»»
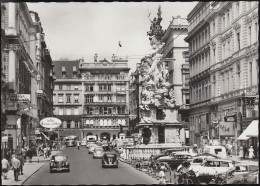 Austria - 1010 Wien - Graben - Street View - Cars - VW Käfer - Mercedes Ponton - VW Bus - Citroën DS - Jeep - Vienna Center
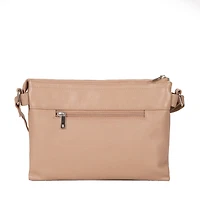Petit Sac à bandoulière en cuir RFID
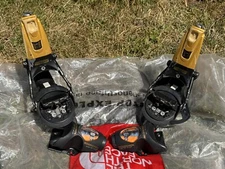 Rossignol Race 185 Ski Bindings - FKS Or The First Look Pivot 18, Gold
««
## [THE TASK]
The answer must be an exact copy of the lines from the one that holds "Petit Sac à bandoulière en cuir RFID" through the end of the data, both included, with no pictures.

## [WRITTEN RESPONSE]
Petit Sac à bandoulière en cuir RFID
 Rossignol Race 185 Ski Bindings - FKS Or The First Look Pivot 18, Gold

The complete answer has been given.